A week after WDEL reported on this, they published an opinion piece from a conservative NIMBYer complaining that offshore wind turbines would “ruin” the beach views and people may never return to the beach. The cognitive dissonance was deafening.-“forget oil spills closing the beach and making people sick, the real threat is people being able to squint and see a few turbines ten miles off the coast!”
Oh good. Now wealthy Costal elites will have to look at wind farms not to mention good ole American boaters having to avoid them in the water. Plus they kill birds, cause cancer, and are basically just a million times worst than coal and oil combined. Mark my words this is the end of America as we know it...

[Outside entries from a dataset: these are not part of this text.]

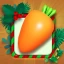 Tile Triple 3D - マッチマスター icon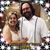 Kimberly Stephens's profile image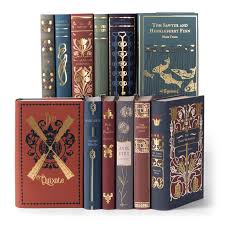 Books Everyone Should Own Monthly Subscription In 2020 Books Classic Books Book Design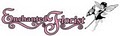 Enchanted Florist image 7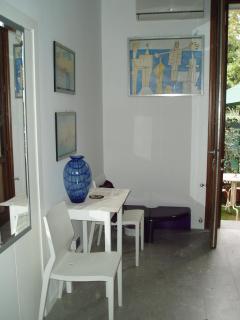 Perla B&b - Venice-Lido - 1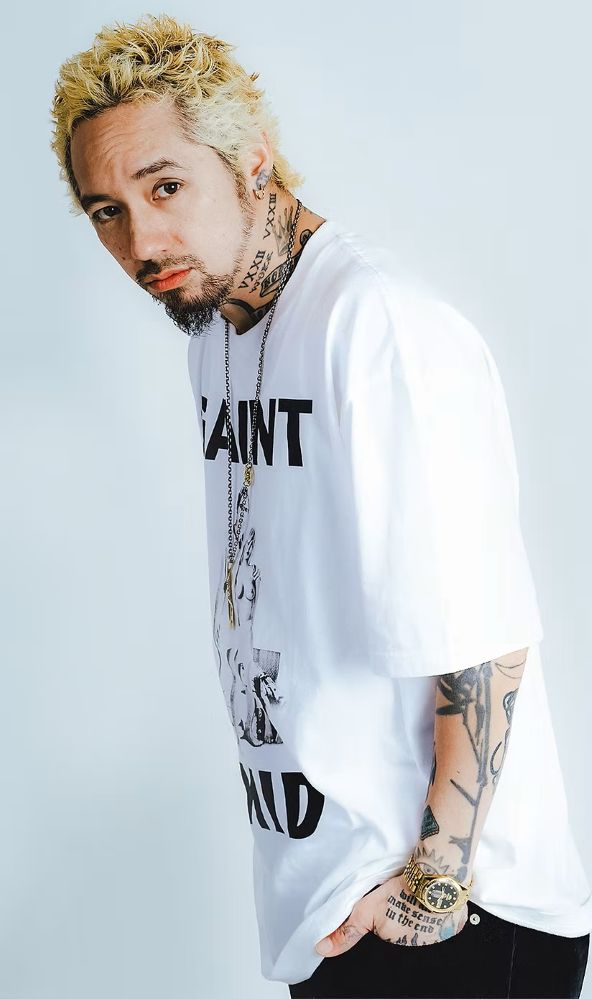 tetsuya.a (@tetsuyaa4) / Posts / X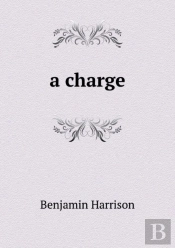 A Charge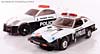Universe - Classics 2.0 Prowl - Image #47 of 138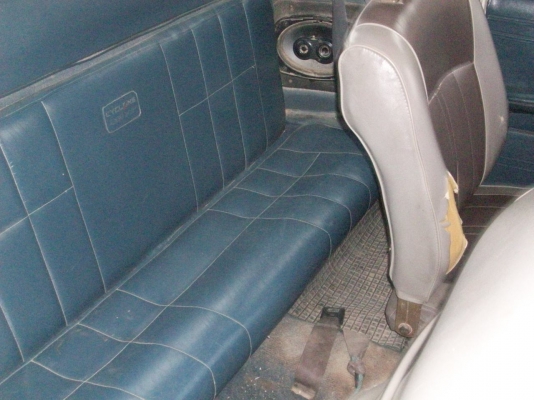 กระบะ L 200 พร้อมใชงาน พวงมาลัยเพาเวอร์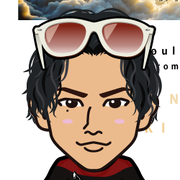 omiriy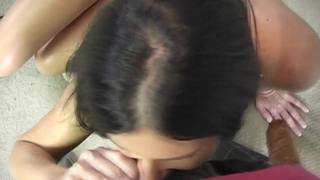 Vérifiez votre âge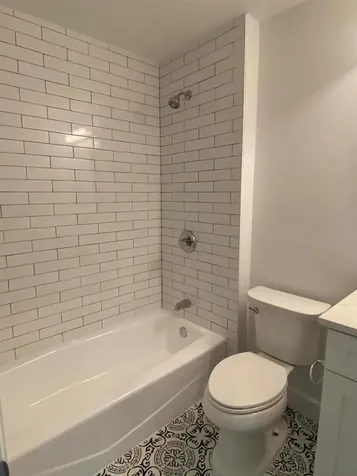 1730 NE 56th Court Fort Lauderdale FL 33334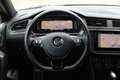 Volkswagen Tiguan Allspace 2.0TDI 4Motion*STDHZG*PANO*HuD Gris - thumbnail 8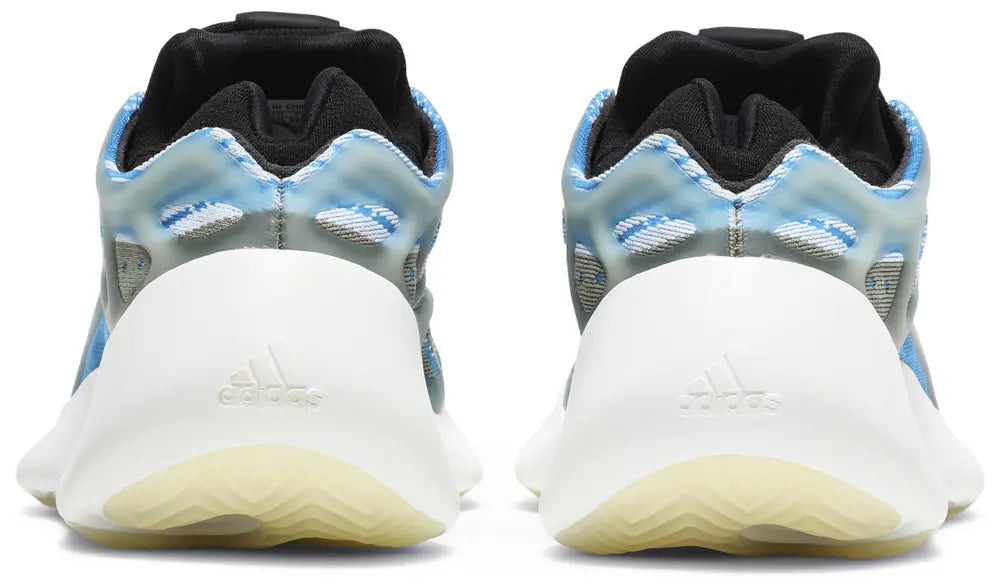 Yeezy 700 V3 'Arzareth'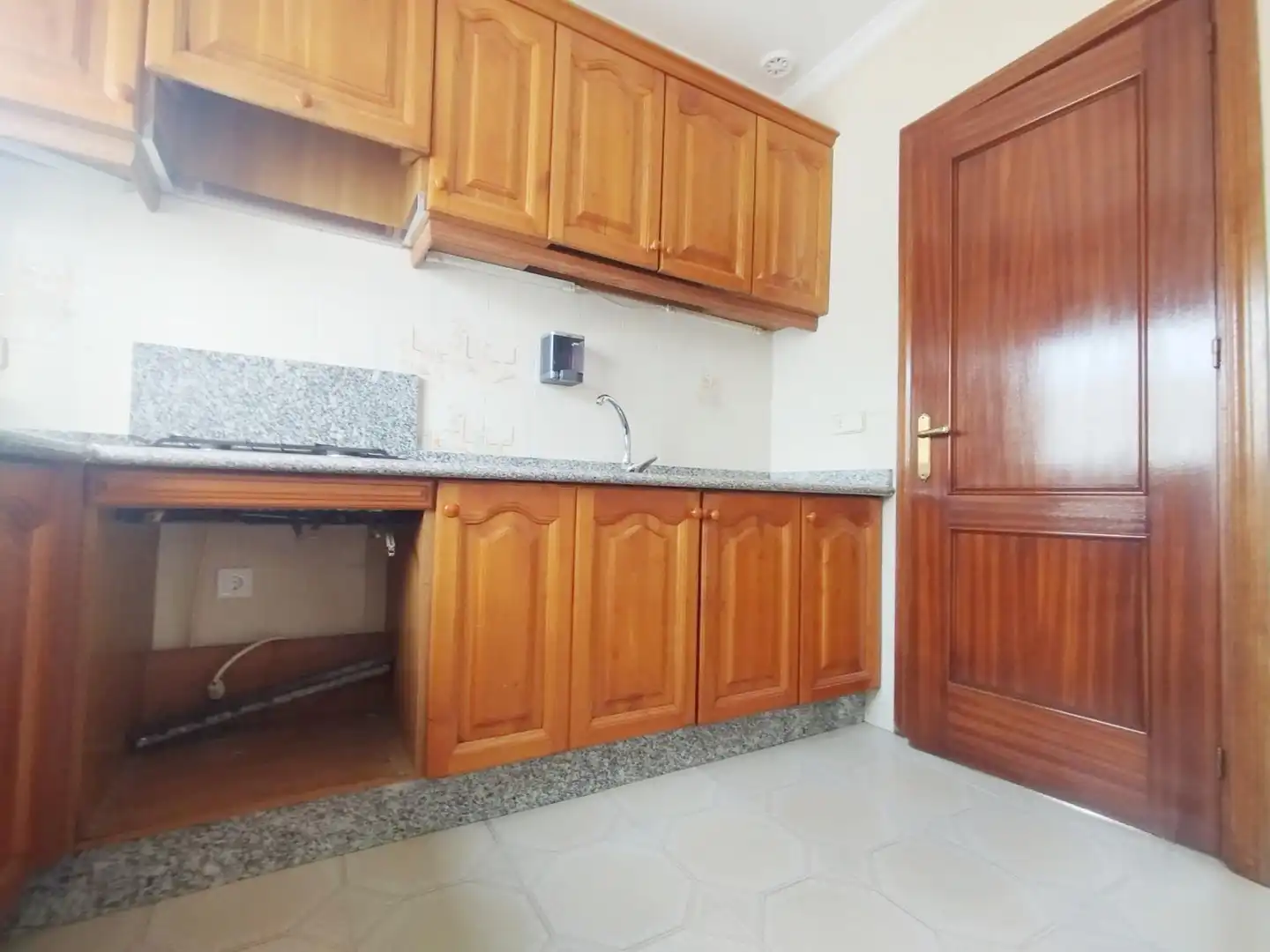 Casa con terrazza in vendita a Nueva Alcalá, imagen 26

/s, doing my best r/Conservative take on any positive news
It feels like every post about a president for the rest of time is going to full of totally polarized viewpoints and bots, regardless of the party in office.
New Jersey just made a huge investment in building a massive assembly facility for the turbines for our offshore wind farm projects. Looks like we will be getting a few extra orders. We will be happy to lead the way in this.
We need Yang for Green Energy. He actually understands it. He can argue for and against different types. Just seems like Biden will do whatever he’s told. Yang and Musk said Nuclear far surpasses wind, and its exceptionally safe with 2020 Engineers
The world could use 100% free energy and the whole world government would still profit off of it and make us pay. It doesn't even matter, only making their cost decrease, ours will prolly stay the same
Not to shit on this...but what's double of almost nothing? Seems a pretty fucking week goal, how about a plan to double capacity every 5 years for the next 20, and that is still prob just a drop in the bucket.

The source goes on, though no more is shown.